KEY POINTS:
My favourite part of Sea of Many Returns is quite close to the beginning, where the islanders of Ithaca discuss with one another the German and English tourists who come to visit in the early 20th century, inspired by the legend of the island's most famous inhabitant, Odysseus, he of the Trojan horse and the Iliad.
The locals watch these wealthy travellers who can afford to spend weeks grubbing through abandoned ruins in order to find a shred of evidence to bolster their side in an endless, ongoing, futile and trivial argument about the location of Odysseus' palace.
The islanders view these visitors with bemusement that is matched only by the visitors' own amazement at the locals' indifference to the life of their own local hero.
"We bend our backs to work our fields when we would rather look to the skies," one of the islanders says. "They bend their backs willingly and crawl on all fours to sift the earth."
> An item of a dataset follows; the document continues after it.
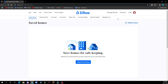Then find the home you want to delete, click on the heart icon next to it, and select remove. When you have homes saved they will appear here — I don't have any at the moment, which is why it's empty. But you just need to click on the heart icon, select remove, and it will be removed.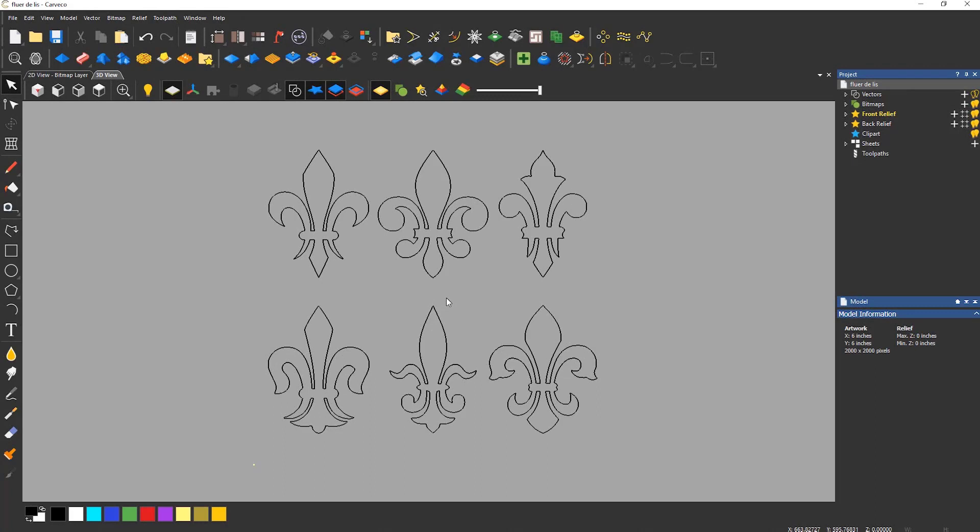Transforming and manipulating vectors is very easy to do within Carvco. Here you can see that I have a group of vectors which have been imported into the software. They look like they were originally produced in metric but I'm working in imperial measurements. My model size is 6 inches by 6 inches so these are very large and don't fit the model space.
It is only one of the more poignant meditations on the divided nature of the human race. It's a rather foggy book, with the central plotline - a family of Ithacans who flit back and forth between the islands and Australia with a consistency that gets a bit bewildering at times - obscured by dense clouds of narrative.
The characters travel incessantly - not one of them stays put on the island for more than half their life. Every voyage is used as a jumping off point for portraits of places which, while vivid, often do not serve any real purpose in advancing the narrative.
In fact it is tempting to say this book works the opposite way. The narrative, such as it is, really exists only to link these dense, dreamlike portraits.
There is nothing wrong with that. It may be what the author intended or it may not, but I really enjoyed these vivid portraits, many of them evoking societies, times or activities that have been swallowed up by history's rather brutal passage over southeastern Europe.
In a way, reading this book is almost a dreamlike experience, and it can be difficult to empathise with characters who keep disappearing under these scene sketches, but the book rewards those who keep turning the page anyway.
Sea of Many Returns
By Arnold Zable (Text $37)
* Stevan Eldred-Grigg is a Wellington writer and historian.